Maui resort plan raises
water questions

A councilman says Makena Resort
should find its own sources

WAILUKU >> Maui County Councilman Wayne Nishiki has proposed that a South Maui resort provide its own water sources, storage facilities and transmission lines for its 603-acre expansion.

chart Nishiki said he wanted the Makena Resort to also develop one affordable housing unit for every two market units and build the affordable units within the resort area.

Nishiki said he felt the resort should be less exclusive in housing people with various incomes.

"I feel if I can work for the hotel, I can live there," he said. "We all need to live and work together."

His proposal came yesterday evening as his Planning and Land Use Committee reviewed the resort's request for rezoning 603 acres, including an existing golf course and 153 acres of vacant land.

The resort includes two golf courses and the 310-room Maui Prince Hotel.

Makena Resort Corp.
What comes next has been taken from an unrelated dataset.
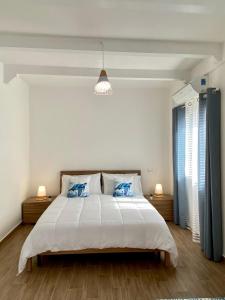 een slaapkamer met een groot wit bed met blauwe kussens bij Casa Esperanza in Procida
Vice President Roy Figueiroa said the company's current proposal actually reduces the overall density of the development to 1,189 units from a potential of 3,000 units.
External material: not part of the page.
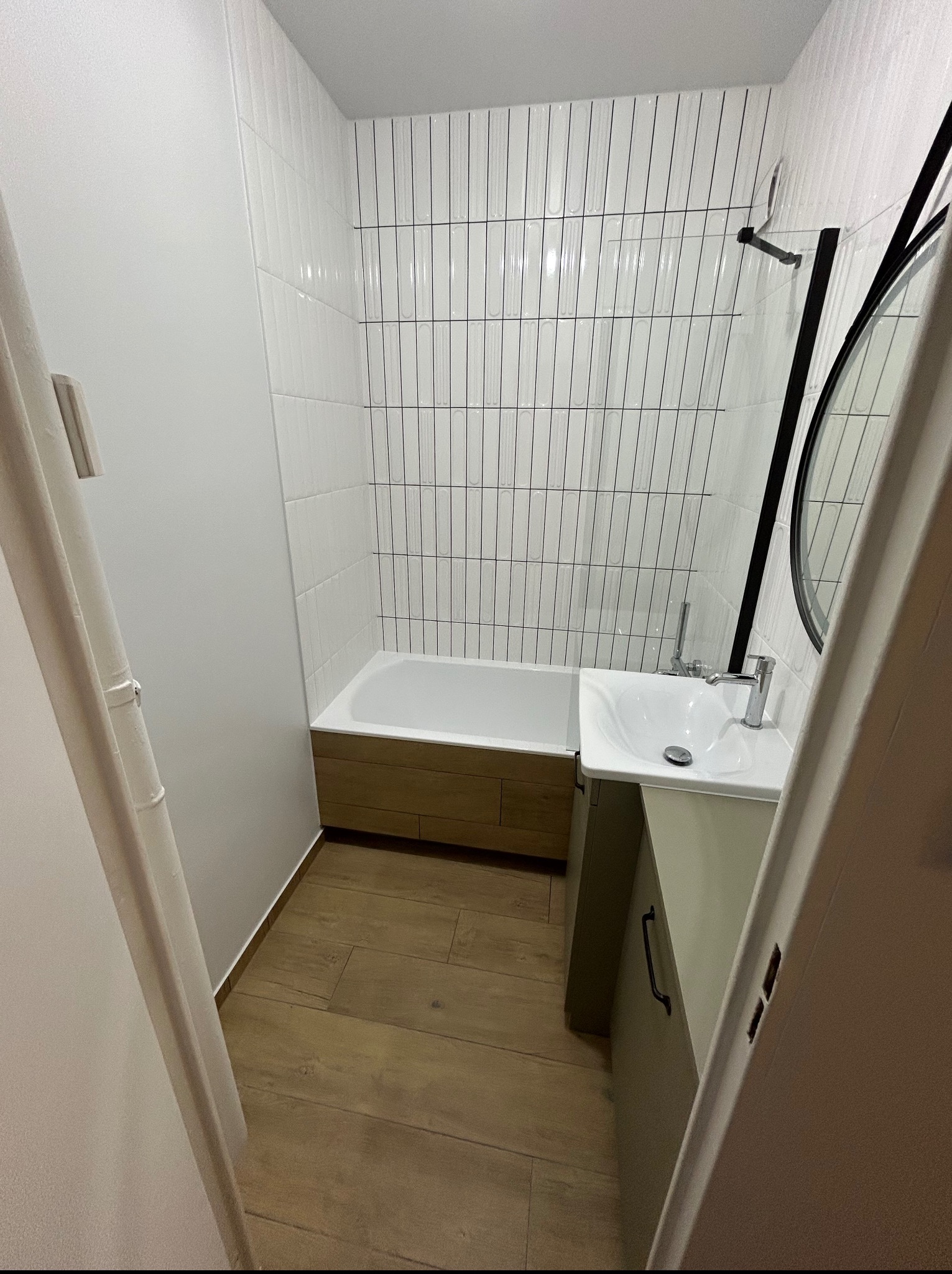 Nowoczesna łazienka po remoncie: białe, pionowe płytki na ścianie, drewnopodobna podłoga, wanna z obudową i umywalka z szafką. Minimalistyczny design.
But critics note that the proposal comes when county officials say 90 percent of the houses sold on Maui are being bought by out-of-state residents and domestic water wells in Central Maui have reached maximum pumping levels.
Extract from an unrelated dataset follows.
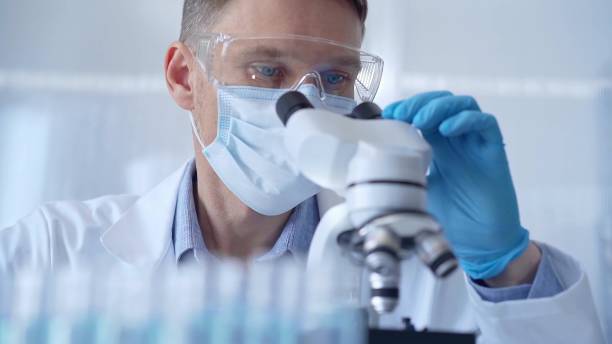 istock Man scientist with protective glasses, mask and gloves is using microscope in laboratory, portrait of researcher. Microbiology science concept 2166582818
County water officials said they are developing 2.2 million gallons a day of water at Hamakuapoko and Iao but will need more sources to provide for the resort's expansion and other developments. Maui Mayor Alan Arakawa is negotiating with C. Brewer to divert up to 25 million gallons of stream water a day for domestic use, but a Brewer official said the negotiations remain far apart.

Some Council members have indicated they want to begin imposing stricter use of domestic drinking water. While the resort has used brackish water for its two golf courses, it uses domestic water for irrigating plants at its hotel.

Councilwoman Charmaine Tavares said she felt it was time to take a hard look at limiting the kind of water use in dry areas of South Maui.

"You don't build a tropical jungle in a desert," she said. "We've got to stop doing this."

The proposal led to a two-day marathon of public testimony by more than 185 people earlier this week, most opposed to the proposal or worried about its impact.

Council Vice Chairman Riki Hokama said the resort has made significant contributions in the last 30 years, including money to help to fund the transmission line that brought water to South Maui and an employee housing fund that now totals $1.2 million.

The committee is scheduled to meet Monday morning for a vote on the proposal.